Braille is harder; but, I would think most courses already have written course notes and materials, which can be read by screen readers. I'm not sure what to make of the mention of braille, here, actually. Are they expecting UCB to send out printed materials? That doesn't make sense, and goes beyond what websites are required to do by the ADA.
More than likely, the material released to the public is not the material used for enrolled students. At the same time, they most likely have funding to make material accessible to enrolled students on an as-needed basis. If a person with a particular disability is enrolled at the University, the University will work with the student to discover their requirements and how they can best meet their needs.
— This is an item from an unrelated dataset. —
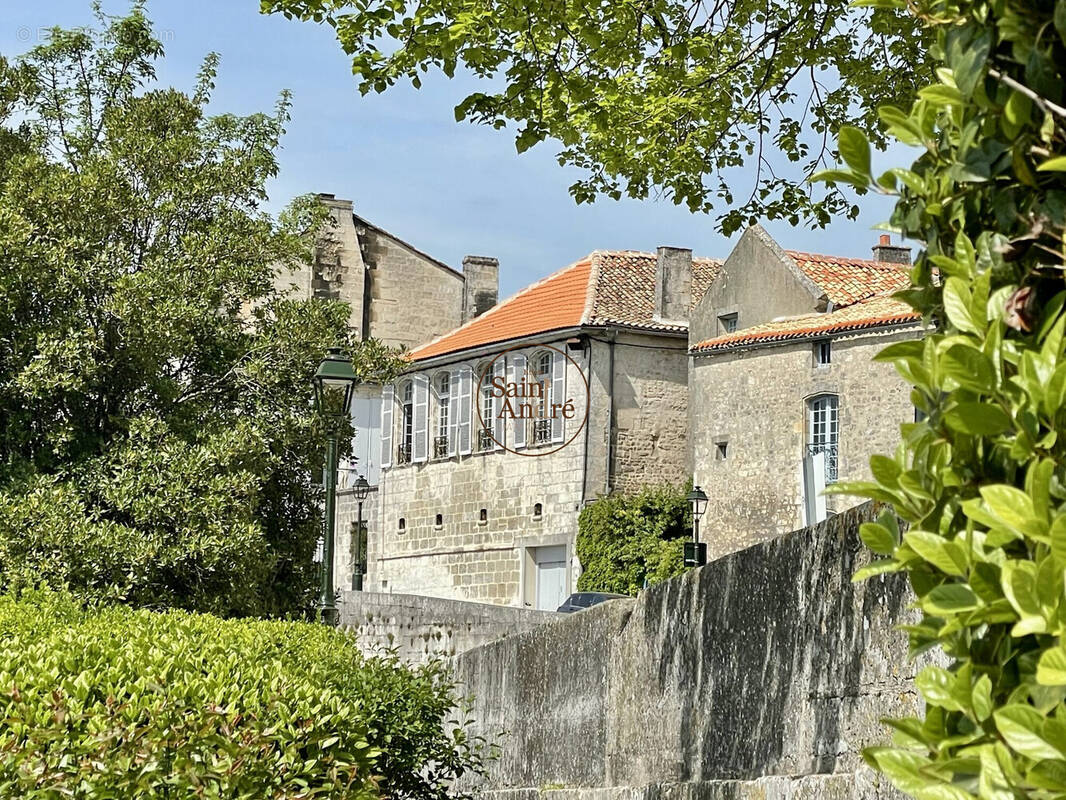 Maison à ANGOULEME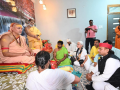 Akhilesh Yadav meets Shankaracharya in Lucknow; discusses cow welfare - Hindi News | Akhilesh Yadav meets Shankaracharya in Lucknow; discusses cow welfare | Latest national News at Lokmattimes.com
At that point, they can go through the list of courses the student has enrolled in for each quarter or semester and ensure that all of the course materials are accessible to that student.
Once they've completed that process, it usually has the side benefit of making those specific materials accessible to all future students with similar needs. The whole process is also getting better over time, especially for textbooks and similar material. However, video and audio are especially problematic areas when they are produced by individuals who don't understand (or aren't aware of) these requirements. If you just setup a camera and/or microphone to capture a lecture, public release and captioning may not be on your mind at the time.
Yes. There are more options for providing accommodations to individual students taking a short list of classes in person. Out of all the classes, relatively few will have a student enrolled who requires the most elaborate accommodations. Some books will be used for many years so making an accessible version will likely get reused but quite a lot of course content can have a short shelf life so an accessible version made for a student today may never be reused.
I can only speak for the UK, but we can give personal attention to disabled students, making sure all content they need is available to them, including individual tutoring for example.
This seems to work very well, but is ad-hoc and wouldn't be suitable for a massive online course.
https://news.ycombinator.com/item?id=9039798
In both this case about UC Berkeley and the lawsuit against Harvard & MIT, the legal attacks seem very wrong.
What I see is:
- Scenario A: spend $X to release free courses that benefits most of humanity
- Scenario B: spend $X+$Y to release free courses that also benefits the disabled population
(The $Y is extra costs to close-caption, transcribe to braille, etc.)
That these lawsuits are obstinate in that you must spend that extra $Y to fulfill Scenario B or humanity can't have the knowledge at all is nonsensical to me.
E.g. The school budget has finite money. Let's say It can release 15 free courses by spending just $X but to avoid a lawsuits, it can only release 10 courses by spending $X+$Y ... or release none at all because it's not worth the legal minefield. Why is the 2nd scenario more optimized for humanity?
Sure, we should encourage the universal accessibility of the video courses but to formalize it into the nastiness of lawsuits? It doesn't seem right.